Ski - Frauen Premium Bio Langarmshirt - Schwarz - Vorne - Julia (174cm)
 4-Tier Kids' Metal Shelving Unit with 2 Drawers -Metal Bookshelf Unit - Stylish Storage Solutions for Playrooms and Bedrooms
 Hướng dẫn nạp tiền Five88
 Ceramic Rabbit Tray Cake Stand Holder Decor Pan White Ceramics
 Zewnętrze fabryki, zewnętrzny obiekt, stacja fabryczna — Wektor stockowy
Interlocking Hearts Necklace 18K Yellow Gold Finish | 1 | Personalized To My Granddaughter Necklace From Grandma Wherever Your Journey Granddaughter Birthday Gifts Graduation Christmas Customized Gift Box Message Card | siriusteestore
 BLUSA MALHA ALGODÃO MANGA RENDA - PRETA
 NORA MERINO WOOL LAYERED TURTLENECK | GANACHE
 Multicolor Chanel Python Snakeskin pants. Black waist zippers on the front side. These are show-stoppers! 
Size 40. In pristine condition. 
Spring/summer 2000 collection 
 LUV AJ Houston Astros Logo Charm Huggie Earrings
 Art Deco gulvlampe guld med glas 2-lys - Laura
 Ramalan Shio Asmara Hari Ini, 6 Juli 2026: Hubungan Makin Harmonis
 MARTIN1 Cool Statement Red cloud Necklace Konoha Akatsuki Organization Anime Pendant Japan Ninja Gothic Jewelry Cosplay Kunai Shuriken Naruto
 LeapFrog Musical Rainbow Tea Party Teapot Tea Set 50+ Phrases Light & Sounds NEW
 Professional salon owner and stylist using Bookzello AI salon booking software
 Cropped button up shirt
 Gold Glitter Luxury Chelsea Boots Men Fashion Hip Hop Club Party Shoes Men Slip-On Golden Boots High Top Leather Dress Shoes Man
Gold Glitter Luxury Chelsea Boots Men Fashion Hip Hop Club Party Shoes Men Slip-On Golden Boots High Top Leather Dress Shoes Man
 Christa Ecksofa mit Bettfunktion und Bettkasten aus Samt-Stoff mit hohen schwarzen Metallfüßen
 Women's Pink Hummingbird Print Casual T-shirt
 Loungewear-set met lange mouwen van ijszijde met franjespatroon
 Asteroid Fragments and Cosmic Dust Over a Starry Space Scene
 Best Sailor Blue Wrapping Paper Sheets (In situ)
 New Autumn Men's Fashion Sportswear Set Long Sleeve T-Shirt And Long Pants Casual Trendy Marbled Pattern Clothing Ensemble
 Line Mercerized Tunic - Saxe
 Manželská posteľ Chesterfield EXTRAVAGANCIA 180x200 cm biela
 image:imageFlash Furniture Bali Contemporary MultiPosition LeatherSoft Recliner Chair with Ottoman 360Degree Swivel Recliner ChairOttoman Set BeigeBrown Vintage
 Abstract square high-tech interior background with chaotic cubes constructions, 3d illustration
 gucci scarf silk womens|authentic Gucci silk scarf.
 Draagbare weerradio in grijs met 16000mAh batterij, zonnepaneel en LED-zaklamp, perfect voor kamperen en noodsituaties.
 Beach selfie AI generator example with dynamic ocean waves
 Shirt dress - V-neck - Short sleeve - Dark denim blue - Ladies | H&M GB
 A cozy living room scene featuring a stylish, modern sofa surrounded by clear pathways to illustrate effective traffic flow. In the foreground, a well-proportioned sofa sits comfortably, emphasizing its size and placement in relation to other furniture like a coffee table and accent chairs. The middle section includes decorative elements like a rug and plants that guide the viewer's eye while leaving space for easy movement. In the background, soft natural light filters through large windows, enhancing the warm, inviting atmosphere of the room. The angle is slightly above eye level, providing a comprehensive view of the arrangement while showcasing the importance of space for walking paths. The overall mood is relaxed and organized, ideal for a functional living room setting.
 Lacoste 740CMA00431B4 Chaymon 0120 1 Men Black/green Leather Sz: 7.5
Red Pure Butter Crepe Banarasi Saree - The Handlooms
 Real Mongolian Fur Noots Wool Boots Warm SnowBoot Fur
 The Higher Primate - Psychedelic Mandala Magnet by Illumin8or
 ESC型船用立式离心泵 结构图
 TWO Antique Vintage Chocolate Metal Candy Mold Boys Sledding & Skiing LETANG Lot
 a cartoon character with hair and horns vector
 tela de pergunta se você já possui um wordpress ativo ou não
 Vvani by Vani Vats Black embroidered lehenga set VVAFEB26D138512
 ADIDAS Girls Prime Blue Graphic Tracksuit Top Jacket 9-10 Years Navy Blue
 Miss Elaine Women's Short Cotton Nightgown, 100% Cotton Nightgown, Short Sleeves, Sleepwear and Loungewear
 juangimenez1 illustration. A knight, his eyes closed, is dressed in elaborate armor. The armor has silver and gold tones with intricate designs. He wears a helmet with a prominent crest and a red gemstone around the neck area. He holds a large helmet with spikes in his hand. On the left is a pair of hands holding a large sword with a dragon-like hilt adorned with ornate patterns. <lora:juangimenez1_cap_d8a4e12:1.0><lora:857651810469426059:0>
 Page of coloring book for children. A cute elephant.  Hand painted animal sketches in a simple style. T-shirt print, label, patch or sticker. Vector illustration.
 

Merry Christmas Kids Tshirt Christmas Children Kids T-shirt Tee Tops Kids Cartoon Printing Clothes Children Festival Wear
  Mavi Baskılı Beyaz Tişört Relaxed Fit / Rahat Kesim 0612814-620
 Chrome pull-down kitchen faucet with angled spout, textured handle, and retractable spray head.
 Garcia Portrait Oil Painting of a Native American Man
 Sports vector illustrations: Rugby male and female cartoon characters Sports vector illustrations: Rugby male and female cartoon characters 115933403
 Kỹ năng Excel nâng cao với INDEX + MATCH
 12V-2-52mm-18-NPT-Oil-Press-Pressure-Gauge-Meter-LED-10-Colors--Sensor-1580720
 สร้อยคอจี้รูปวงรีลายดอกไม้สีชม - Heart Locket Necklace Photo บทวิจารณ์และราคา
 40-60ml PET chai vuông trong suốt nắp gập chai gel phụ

══════

◆ **EXERCISE**
Repeat back all entries verbatim.

◆ **YOUR SOLUTION**
Ski - Frauen Premium Bio Langarmshirt - Schwarz - Vorne - Julia (174cm)
 4-Tier Kids' Metal Shelving Unit with 2 Drawers -Metal Bookshelf Unit - Stylish Storage Solutions for Playrooms and Bedrooms
 Hướng dẫn nạp tiền Five88
 Ceramic Rabbit Tray Cake Stand Holder Decor Pan White Ceramics
 Zewnętrze fabryki, zewnętrzny obiekt, stacja fabryczna — Wektor stockowy
Interlocking Hearts Necklace 18K Yellow Gold Finish | 1 | Personalized To My Granddaughter Necklace From Grandma Wherever Your Journey Granddaughter Birthday Gifts Graduation Christmas Customized Gift Box Message Card | siriusteestore
 BLUSA MALHA ALGODÃO MANGA RENDA - PRETA
 NORA MERINO WOOL LAYERED TURTLENECK | GANACHE
 Multicolor Chanel Python Snakeskin pants. Black waist zippers on the front side. These are show-stoppers! 
Size 40. In pristine condition. 
Spring/summer 2000 collection 
 LUV AJ Houston Astros Logo Charm Huggie Earrings
 Art Deco gulvlampe guld med glas 2-lys - Laura
 Ramalan Shio Asmara Hari Ini, 6 Juli 2026: Hubungan Makin Harmonis
 MARTIN1 Cool Statement Red cloud Necklace Konoha Akatsuki Organization Anime Pendant Japan Ninja Gothic Jewelry Cosplay Kunai Shuriken Naruto
 LeapFrog Musical Rainbow Tea Party Teapot Tea Set 50+ Phrases Light & Sounds NEW
 Professional salon owner and stylist using Bookzello AI salon booking software
 Cropped button up shirt
 Gold Glitter Luxury Chelsea Boots Men Fashion Hip Hop Club Party Shoes Men Slip-On Golden Boots High Top Leather Dress Shoes Man
Gold Glitter Luxury Chelsea Boots Men Fashion Hip Hop Club Party Shoes Men Slip-On Golden Boots High Top Leather Dress Shoes Man
 Christa Ecksofa mit Bettfunktion und Bettkasten aus Samt-Stoff mit hohen schwarzen Metallfüßen
 Women's Pink Hummingbird Print Casual T-shirt
 Loungewear-set met lange mouwen van ijszijde met franjespatroon
 Asteroid Fragments and Cosmic Dust Over a Starry Space Scene
 Best Sailor Blue Wrapping Paper Sheets (In situ)
 New Autumn Men's Fashion Sportswear Set Long Sleeve T-Shirt And Long Pants Casual Trendy Marbled Pattern Clothing Ensemble
 Line Mercerized Tunic - Saxe
 Manželská posteľ Chesterfield EXTRAVAGANCIA 180x200 cm biela
 image:imageFlash Furniture Bali Contemporary MultiPosition LeatherSoft Recliner Chair with Ottoman 360Degree Swivel Recliner ChairOttoman Set BeigeBrown Vintage
 Abstract square high-tech interior background with chaotic cubes constructions, 3d illustration
 gucci scarf silk womens|authentic Gucci silk scarf.
 Draagbare weerradio in grijs met 16000mAh batterij, zonnepaneel en LED-zaklamp, perfect voor kamperen en noodsituaties.
 Beach selfie AI generator example with dynamic ocean waves
 Shirt dress - V-neck - Short sleeve - Dark denim blue - Ladies | H&M GB
 A cozy living room scene featuring a stylish, modern sofa surrounded by clear pathways to illustrate effective traffic flow. In the foreground, a well-proportioned sofa sits comfortably, emphasizing its size and placement in relation to other furniture like a coffee table and accent chairs. The middle section includes decorative elements like a rug and plants that guide the viewer's eye while leaving space for easy movement. In the background, soft natural light filters through large windows, enhancing the warm, inviting atmosphere of the room. The angle is slightly above eye level, providing a comprehensive view of the arrangement while showcasing the importance of space for walking paths. The overall mood is relaxed and organized, ideal for a functional living room setting.
 Lacoste 740CMA00431B4 Chaymon 0120 1 Men Black/green Leather Sz: 7.5
Red Pure Butter Crepe Banarasi Saree - The Handlooms
 Real Mongolian Fur Noots Wool Boots Warm SnowBoot Fur
 The Higher Primate - Psychedelic Mandala Magnet by Illumin8or
 ESC型船用立式离心泵 结构图
 TWO Antique Vintage Chocolate Metal Candy Mold Boys Sledding & Skiing LETANG Lot
 a cartoon character with hair and horns vector
 tela de pergunta se você já possui um wordpress ativo ou não
 Vvani by Vani Vats Black embroidered lehenga set VVAFEB26D138512
 ADIDAS Girls Prime Blue Graphic Tracksuit Top Jacket 9-10 Years Navy Blue
 Miss Elaine Women's Short Cotton Nightgown, 100% Cotton Nightgown, Short Sleeves, Sleepwear and Loungewear
 juangimenez1 illustration. A knight, his eyes closed, is dressed in elaborate armor. The armor has silver and gold tones with intricate designs. He wears a helmet with a prominent crest and a red gemstone around the neck area. He holds a large helmet with spikes in his hand. On the left is a pair of hands holding a large sword with a dragon-like hilt adorned with ornate patterns. <lora:juangimenez1_cap_d8a4e12:1.0><lora:857651810469426059:0>
 Page of coloring book for children. A cute elephant.  Hand painted animal sketches in a simple style. T-shirt print, label, patch or sticker. Vector illustration.
 

Merry Christmas Kids Tshirt Christmas Children Kids T-shirt Tee Tops Kids Cartoon Printing Clothes Children Festival Wear
  Mavi Baskılı Beyaz Tişört Relaxed Fit / Rahat Kesim 0612814-620
 Chrome pull-down kitchen faucet with angled spout, textured handle, and retractable spray head.
 Garcia Portrait Oil Painting of a Native American Man
 Sports vector illustrations: Rugby male and female cartoon characters Sports vector illustrations: Rugby male and female cartoon characters 115933403
 Kỹ năng Excel nâng cao với INDEX + MATCH
 12V-2-52mm-18-NPT-Oil-Press-Pressure-Gauge-Meter-LED-10-Colors--Sensor-1580720
 สร้อยคอจี้รูปวงรีลายดอกไม้สีชม - Heart Locket Necklace Photo บทวิจารณ์และราคา
 40-60ml PET chai vuông trong suốt nắp gập chai gel phụ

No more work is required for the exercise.